Do you do this too? I also queue up my worries. If I have a big event coming then the single way I have of ever getting it off my mind is to have another big event coming up before it. So I’ll come out of that first one probably feeling great – yesterday was event number 176 of which 10 were meh and 2 were ulcer-bursting awful – and I’m immediately fretting about the next one a week away.

But.

Two things. First, when I’m actually working at an event or a workshop or whatever, I’m right there in the moment for every single moment and there isn’t a whisper of a thought of the next thing from start to finish. I think this may be why I like producing and presenting events so much.

Second, this did happen to me again yesterday. The day was fun, I glowed out of there and through a tea with a friend and colleague from the event, I glowed into joining up with Angela and then right in the middle of a curry, wallop.

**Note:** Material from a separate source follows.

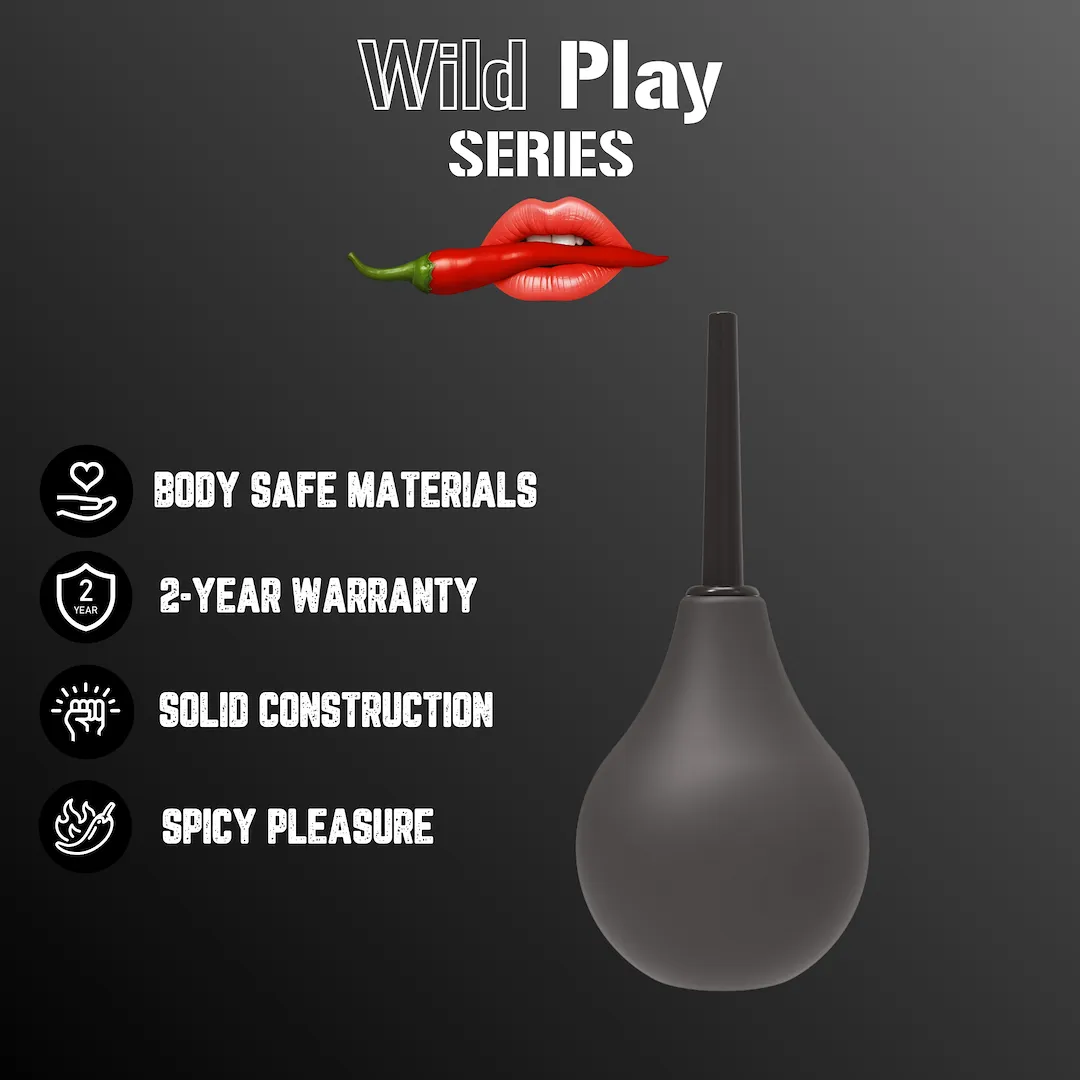 Анальный душ Erospace Wild Play C5, 224 мл (черный)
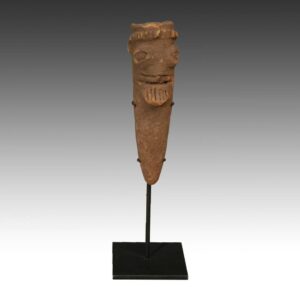 Koma Ceramic Funerary Figure, Based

Angela looked at me just like you’re doing.

But the reason for saying this to you today, the reason for the But up there a few paragraphs ago, is that this changed. This went away.

We saw Dar Williams in concert at the Glee Club. She’s the artist I’ve said I wouldn’t kill to write like – but I’d maim. I adore her work, her music has meant a lot to me for a very long time and I’ve often seen her in concert. Every time has been good, but this one was great.

Whatever I was thinking about when I went into that concert, she took us all wherever she wanted to go.

I’m going to think about that.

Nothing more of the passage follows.